Notre génération bénéficie de plus de moyens technologiques que toutes les autres auparavant. Logique, avec les années vient le progrès. Mais est-ce bien de progrès dont il s’agit ? Autant le progrès mérite bien son nom lorsqu’il s’agit d’améliorer, entre autre, les conditions de travail, autant il me semble raisonnable de douter de cette appellation à partir du moment où la santé mentale du travailleur est dans la balance.

Si nos conditions physiques de travail se sont, globalement, améliorées avec le temps, il n’en est pas de même des conditions psychologiques. Stress, burn out, harcèlement, désengagement, pénuries criantes dans certains métiers, augmentation des incapacités de travail à long terme … sont là pour en attester. Pourtant, nous n’avons jamais eu autant de moyens à notre disposition pour nous soulager la tâche.

Toujours plus vite

Vraiment ? Il fut un temps, pas si lointain, où les communications écrites, pour ne citer que cet exemple, se faisaient par courrier ou par fax pour les plus urgentes. Et encore, uniquement avec les structures en disposant.
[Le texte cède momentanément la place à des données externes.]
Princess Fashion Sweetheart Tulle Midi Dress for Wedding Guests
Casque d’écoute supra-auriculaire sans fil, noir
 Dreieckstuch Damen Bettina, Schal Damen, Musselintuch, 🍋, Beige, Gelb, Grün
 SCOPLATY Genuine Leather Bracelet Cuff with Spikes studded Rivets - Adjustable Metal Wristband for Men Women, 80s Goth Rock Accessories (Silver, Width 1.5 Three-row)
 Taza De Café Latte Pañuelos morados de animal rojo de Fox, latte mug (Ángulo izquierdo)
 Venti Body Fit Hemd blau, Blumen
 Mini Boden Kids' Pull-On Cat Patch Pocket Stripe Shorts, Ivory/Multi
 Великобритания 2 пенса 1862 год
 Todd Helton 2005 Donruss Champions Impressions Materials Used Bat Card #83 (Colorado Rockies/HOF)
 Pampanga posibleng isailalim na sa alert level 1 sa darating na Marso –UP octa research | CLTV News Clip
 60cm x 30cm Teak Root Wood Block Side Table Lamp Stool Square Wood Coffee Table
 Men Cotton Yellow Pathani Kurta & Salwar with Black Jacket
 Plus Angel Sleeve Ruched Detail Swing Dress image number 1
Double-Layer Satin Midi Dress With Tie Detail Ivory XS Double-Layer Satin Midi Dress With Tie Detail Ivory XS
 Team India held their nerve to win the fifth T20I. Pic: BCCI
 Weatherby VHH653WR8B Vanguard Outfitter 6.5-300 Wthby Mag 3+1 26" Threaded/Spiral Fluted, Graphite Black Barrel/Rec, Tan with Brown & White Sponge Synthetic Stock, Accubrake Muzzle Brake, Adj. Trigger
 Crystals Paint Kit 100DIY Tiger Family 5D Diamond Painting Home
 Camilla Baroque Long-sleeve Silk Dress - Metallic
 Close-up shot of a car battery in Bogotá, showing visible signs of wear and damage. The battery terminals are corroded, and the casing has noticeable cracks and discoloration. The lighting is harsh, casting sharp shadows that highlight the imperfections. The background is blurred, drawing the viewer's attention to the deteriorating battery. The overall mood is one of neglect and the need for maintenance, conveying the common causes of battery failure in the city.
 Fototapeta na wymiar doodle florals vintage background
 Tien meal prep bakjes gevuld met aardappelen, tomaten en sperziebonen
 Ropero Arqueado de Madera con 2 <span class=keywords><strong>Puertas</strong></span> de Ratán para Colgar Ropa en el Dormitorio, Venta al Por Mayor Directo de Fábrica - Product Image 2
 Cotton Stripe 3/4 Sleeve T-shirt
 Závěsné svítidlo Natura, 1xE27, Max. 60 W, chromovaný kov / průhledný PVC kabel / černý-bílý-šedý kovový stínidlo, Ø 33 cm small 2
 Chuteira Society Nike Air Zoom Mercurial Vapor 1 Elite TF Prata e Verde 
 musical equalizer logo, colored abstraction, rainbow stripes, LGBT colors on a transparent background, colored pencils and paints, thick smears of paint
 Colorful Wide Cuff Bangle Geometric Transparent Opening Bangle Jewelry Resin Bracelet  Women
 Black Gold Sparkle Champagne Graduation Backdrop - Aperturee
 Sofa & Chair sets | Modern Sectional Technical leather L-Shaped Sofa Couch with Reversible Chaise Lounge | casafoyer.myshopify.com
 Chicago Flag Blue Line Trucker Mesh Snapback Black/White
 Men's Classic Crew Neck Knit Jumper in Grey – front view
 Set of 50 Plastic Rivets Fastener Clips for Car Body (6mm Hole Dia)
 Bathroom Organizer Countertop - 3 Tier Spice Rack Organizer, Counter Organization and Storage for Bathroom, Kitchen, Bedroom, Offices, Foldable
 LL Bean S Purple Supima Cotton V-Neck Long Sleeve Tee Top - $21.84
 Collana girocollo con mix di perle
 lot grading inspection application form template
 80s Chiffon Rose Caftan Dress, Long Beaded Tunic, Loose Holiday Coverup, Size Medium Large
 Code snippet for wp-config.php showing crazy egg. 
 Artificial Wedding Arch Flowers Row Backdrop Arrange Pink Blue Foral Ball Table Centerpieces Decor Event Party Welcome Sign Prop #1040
Il était admis que tous ne disposent pas de cet outil à l’utilisation onéreuse, aussi, était-il raisonnable d’accepter un délai de traitement et de réponse de plusieurs jours, voire une semaine. Une semaine ? Aujourd’hui, si un mail n’est pas traité dans les deux jours, rien ne va plus.

Prises de recul amputées

Des documents papier ou tapés à la machine, nous sommes passés aux logiciels de gestion, bases de données et autre. Pour répondre à des fins statistiques, ou encore pour permettre à d’autres collègues de prendre la main plus facilement, tout doit souvent être encodé informatiquement. Certes, cela permet de gagner du temps une fois l’an, mais le corollaire est que cela ampute ce moment de pause et de prise de recul sur l’année écoulée. De plus, bien souvent, il s’agit de faire double travail : retranscrire informatiquement des notes manuelles.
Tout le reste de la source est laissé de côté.